**Supplied data**

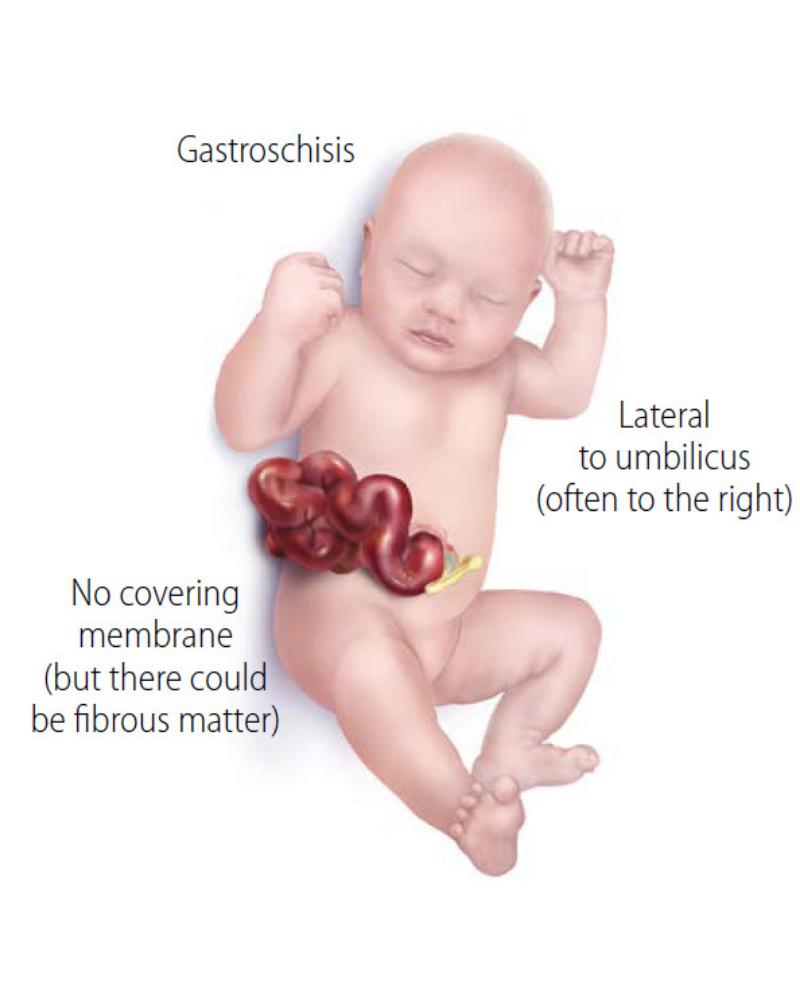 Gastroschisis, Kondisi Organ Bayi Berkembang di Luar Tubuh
...
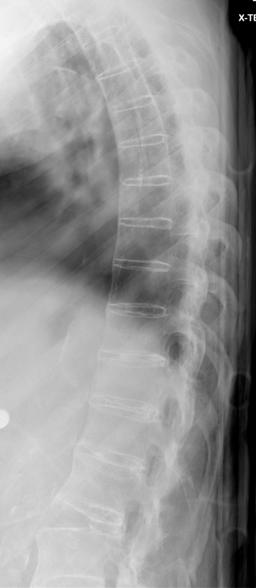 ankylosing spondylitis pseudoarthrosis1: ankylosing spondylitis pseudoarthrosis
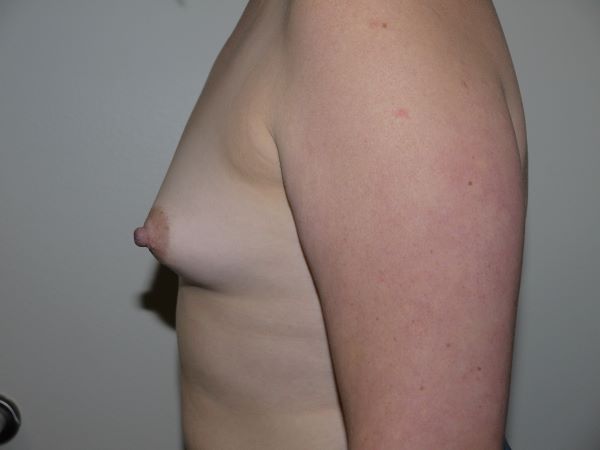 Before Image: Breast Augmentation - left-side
* * *
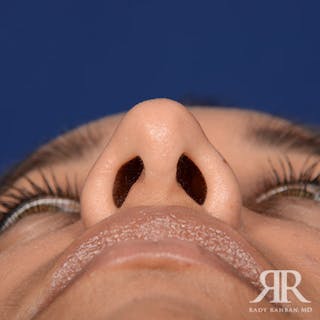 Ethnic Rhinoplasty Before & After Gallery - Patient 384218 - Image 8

**Work required**
Retype the lines above exactly as they appear, from the line containing "ankylosing spondylitis pseudoarthrosis1: ankylosing" through the line containing "Before Image: Breast", and leave out any pictures.

**Answer below**
 ankylosing spondylitis pseudoarthrosis1: ankylosing spondylitis pseudoarthrosis
 Before Image: Breast Augmentation - left-side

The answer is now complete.